• Required work: Set the images aside and retype the whole listing exactly.

*** Data section Section Begins ***

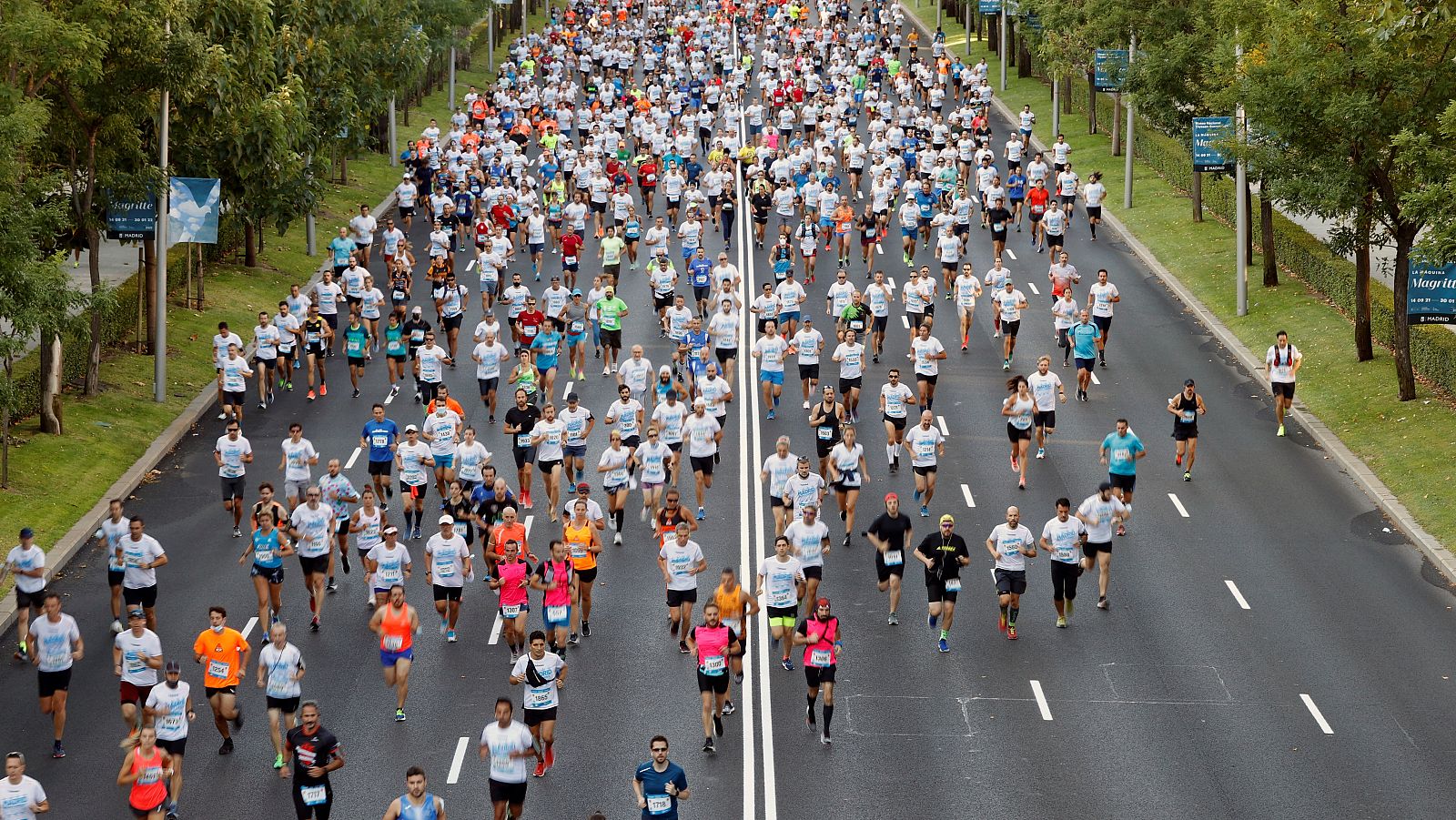 Emoción, ilusión y nervios en el regreso del maratón de Madrid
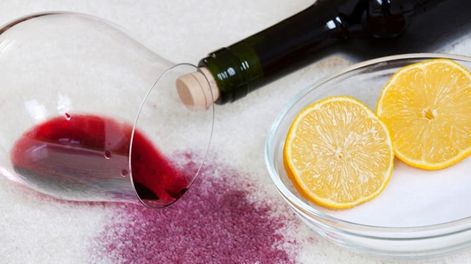 Eliminar las manchas de vino tinto de la ropa puede parecer una tarea complicada.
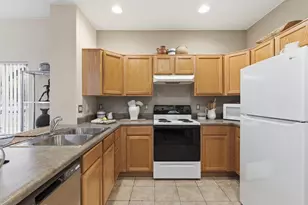 10543 E Seven Generations Way, Tucson, AZ 85747 - Photo 17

*** Data section Section Ends ***

• Task solution:
 Emoción, ilusión y nervios en el regreso del maratón de Madrid
 Eliminar las manchas de vino tinto de la ropa puede parecer una tarea complicada.
 10543 E Seven Generations Way, Tucson, AZ 85747 - Photo 17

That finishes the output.